Michael Dietze is a Professor of Earth & Environment at Boston University. His primary research interest is ecological forecasting. He will be using Harvard Forest as a testbed and anchor site for near-term iterative ecological forecasts of the terrestrial carbon cycle. He plans to collaborate with Neil Pederson. He earned his PhD in Ecology from Duke University. He is the Chair and Founding Director of the Ecological Forecasting Initiative, the author of Ecological Forecasting, and the former chair of NEON's STEAC.

Daniel Grossman is a freelance journalist who has won the Science Journalism Award three times. His journalism focuses on climate change and biodiversity. During his Bullard Fellowship, he will be reporting on the research at the Harvard Forest on temperate forest carbon uptake and release. He is also writing a book on the general topic of global uptake and release of carbon by forests and the effect on the trajectory of climate change. He plans to collaborate with Benton Taylor. He earned his PhD in Political Science at MIT.

Lynda Mapes is an environment reporter for The Seattle Times and the two-time winner of the first place international Kavli Science Journalism Award from the American Association for the Advancement of Science. Her work focuses on environmental topics and Indigenous governments and cultures.
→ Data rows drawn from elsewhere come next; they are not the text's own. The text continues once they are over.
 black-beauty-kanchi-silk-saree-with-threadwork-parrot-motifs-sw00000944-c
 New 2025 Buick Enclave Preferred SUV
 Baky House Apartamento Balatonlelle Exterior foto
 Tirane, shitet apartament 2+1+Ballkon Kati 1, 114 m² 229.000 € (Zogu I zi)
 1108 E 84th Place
At Harvard Forest, she will be researching and writing Teachings of the Wild Trees, a book for a popular audience on the emergence of our scientific understanding of the unique importance of old growth and natural forest ecosystems for biodiversity, climate, and human well-being. Lynda will collaborate with Dave Orwig and Jonathan Thompson. She holds a degree in political theory from Oberlin College.
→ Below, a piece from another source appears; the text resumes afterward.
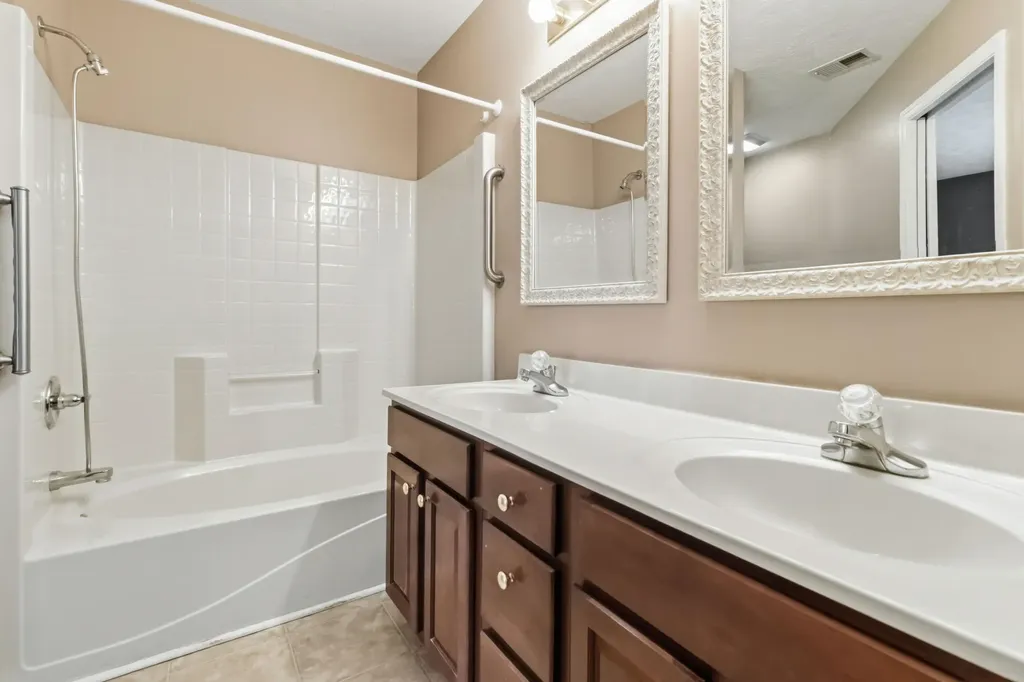 2560 Spring Valley Loop Lexington KY 40511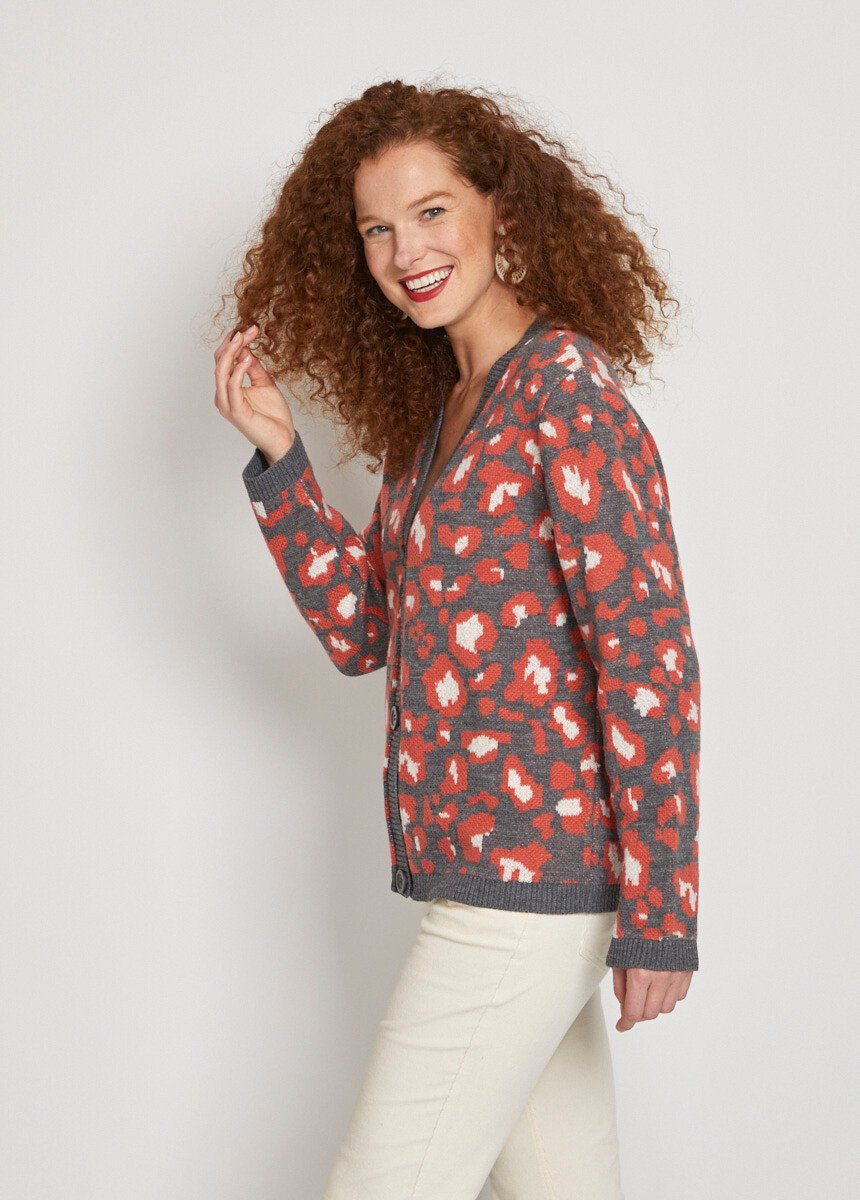 Cárdigan_corto_con_botones_en_jacquard_de_leopardo_Gris_y_terracota_DR1_slim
Rinku Roy Chowdhury is an Associate Professor of Geography at Clark University, where she also earned her PhD in Geography. She has received multiple awards at Clark, including the Hodgkins Junior Faculty Award. Her Bullard project will analyze the resilience of forest commons in Central Massachusetts, integrating collective action theory (CAT) and “design principles” of sustainable common-pool resource management with land system science (LSS) and environmental history (EH). She will be collaborating with Jonathan Thompson.

Michael Stambaugh is an Associate Professor of Forest Ecology at the University of Missouri. His primary research interests are the historical ecology of forests and wildland fire. He will spend his time at Harvard Forest completing a text describing environmental changes associated with changes in fire regimes across North America. He will be collaborating with Neil Pederson. He earned his PhD in Forest and Fire Ecology from the University of Missouri. In 2021, he received the US Forest Service Chief’s Award.
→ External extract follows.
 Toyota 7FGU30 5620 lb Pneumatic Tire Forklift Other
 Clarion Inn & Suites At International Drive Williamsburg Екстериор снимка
Brian Sturtevant is a Landscape Ecologist with the US Forest Service with expertise in broad-scale interdisciplinary investigations of forest dynamics and disturbance ecology, spatial analyses, and landscape simulation modeling. The goal of his collaborative research at Harvard Forest will be to evaluate and validate the ability of the LANDIS-II FLM (forest landscape model) and its associated PnET-Succession extension to simulate key processes governing forest system response to partial disturbances. Ultimately, he wishes to develop a generalizable approach to enhance the scientific rigor of a process-based FLM that leverages the wealth of empirical data from our national and international investments in forest monitoring and long-term experimental forest activities.